(Extracted records)
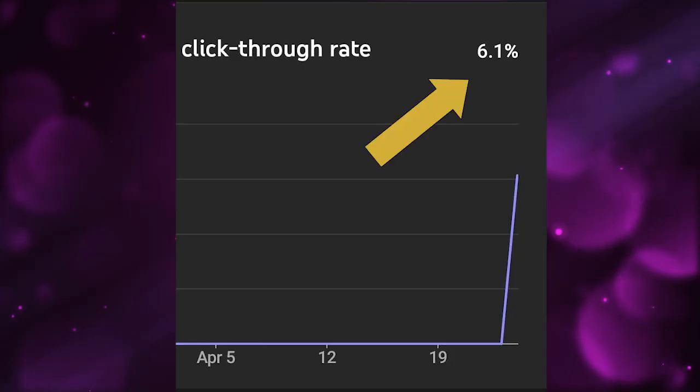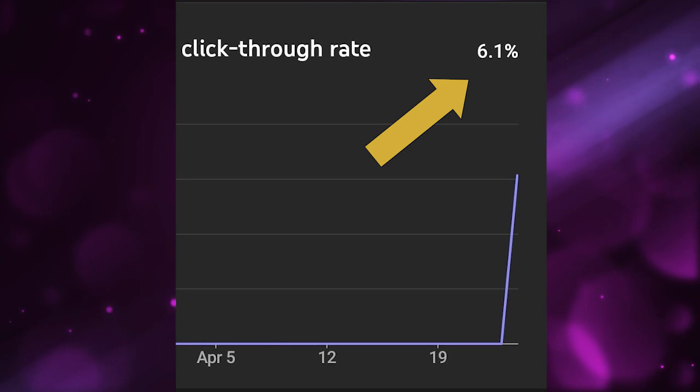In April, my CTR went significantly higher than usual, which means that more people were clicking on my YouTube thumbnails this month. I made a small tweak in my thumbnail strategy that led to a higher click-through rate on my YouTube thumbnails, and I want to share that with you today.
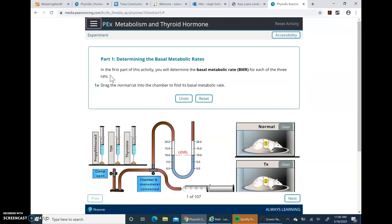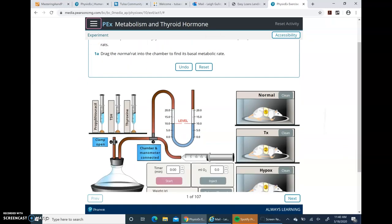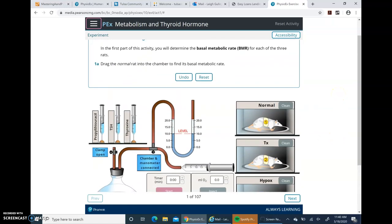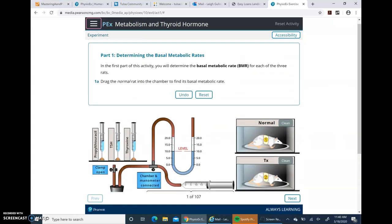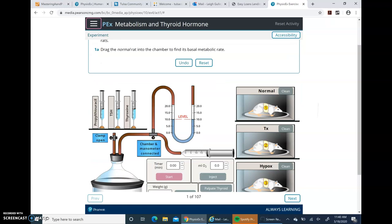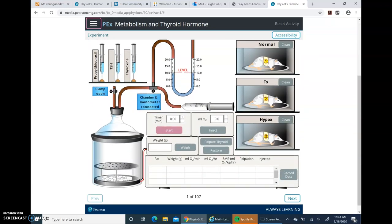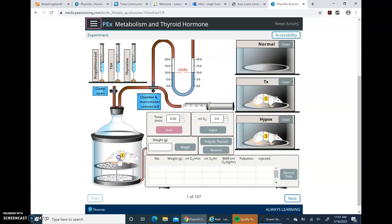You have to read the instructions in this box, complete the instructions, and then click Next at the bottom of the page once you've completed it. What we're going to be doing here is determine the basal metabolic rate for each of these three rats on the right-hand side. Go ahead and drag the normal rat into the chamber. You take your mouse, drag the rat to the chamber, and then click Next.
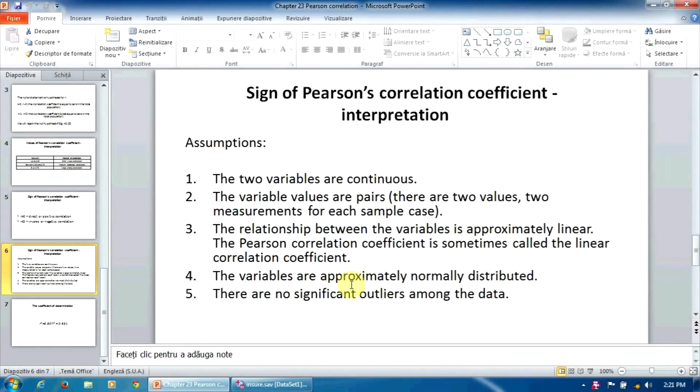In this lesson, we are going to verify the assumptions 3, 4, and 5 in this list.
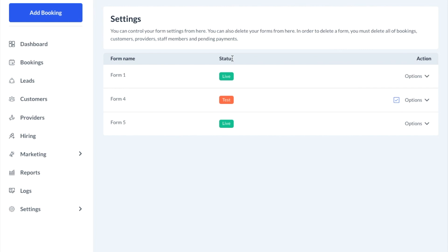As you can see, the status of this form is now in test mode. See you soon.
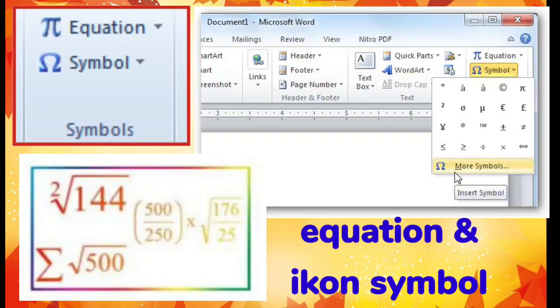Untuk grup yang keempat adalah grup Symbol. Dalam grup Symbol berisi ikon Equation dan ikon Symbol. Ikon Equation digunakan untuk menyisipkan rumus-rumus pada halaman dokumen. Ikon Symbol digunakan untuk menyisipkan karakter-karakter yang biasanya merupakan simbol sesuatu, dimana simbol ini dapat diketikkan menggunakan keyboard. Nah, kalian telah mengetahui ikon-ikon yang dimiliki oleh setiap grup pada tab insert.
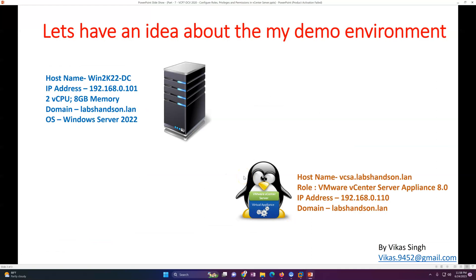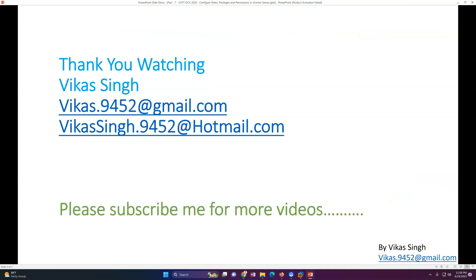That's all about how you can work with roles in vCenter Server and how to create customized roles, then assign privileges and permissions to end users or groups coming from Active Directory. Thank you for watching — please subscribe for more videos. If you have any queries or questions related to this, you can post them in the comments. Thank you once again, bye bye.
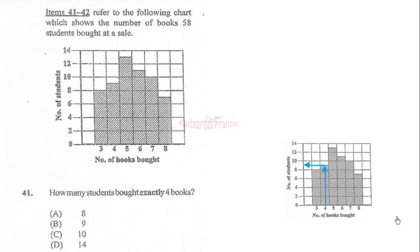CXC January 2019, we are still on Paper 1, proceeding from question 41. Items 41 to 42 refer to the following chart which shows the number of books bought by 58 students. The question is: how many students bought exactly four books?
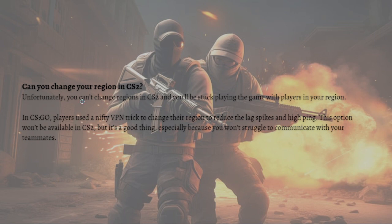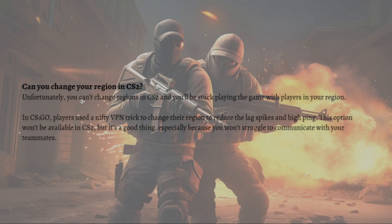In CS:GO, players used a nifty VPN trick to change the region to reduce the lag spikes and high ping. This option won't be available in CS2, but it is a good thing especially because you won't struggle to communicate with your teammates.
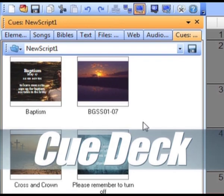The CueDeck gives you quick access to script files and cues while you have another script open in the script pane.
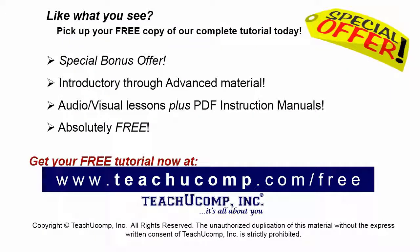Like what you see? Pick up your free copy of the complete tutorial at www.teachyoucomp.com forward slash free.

Problem description —
Each line from the one containing "In CS:GO, players" through the last line above should be retyped exactly, and no other line. Any picture is to be left out.

Result of this exercise —
In CS:GO, players used a nifty VPN trick to change the region to reduce the lag spikes and high ping. This option won't be available in CS2, but it is a good thing especially because you won't struggle to communicate with your teammates.
The CueDeck gives you quick access to script files and cues while you have another script open in the script pane.
Like what you see? Pick up your free copy of the complete tutorial at www.teachyoucomp.com forward slash free.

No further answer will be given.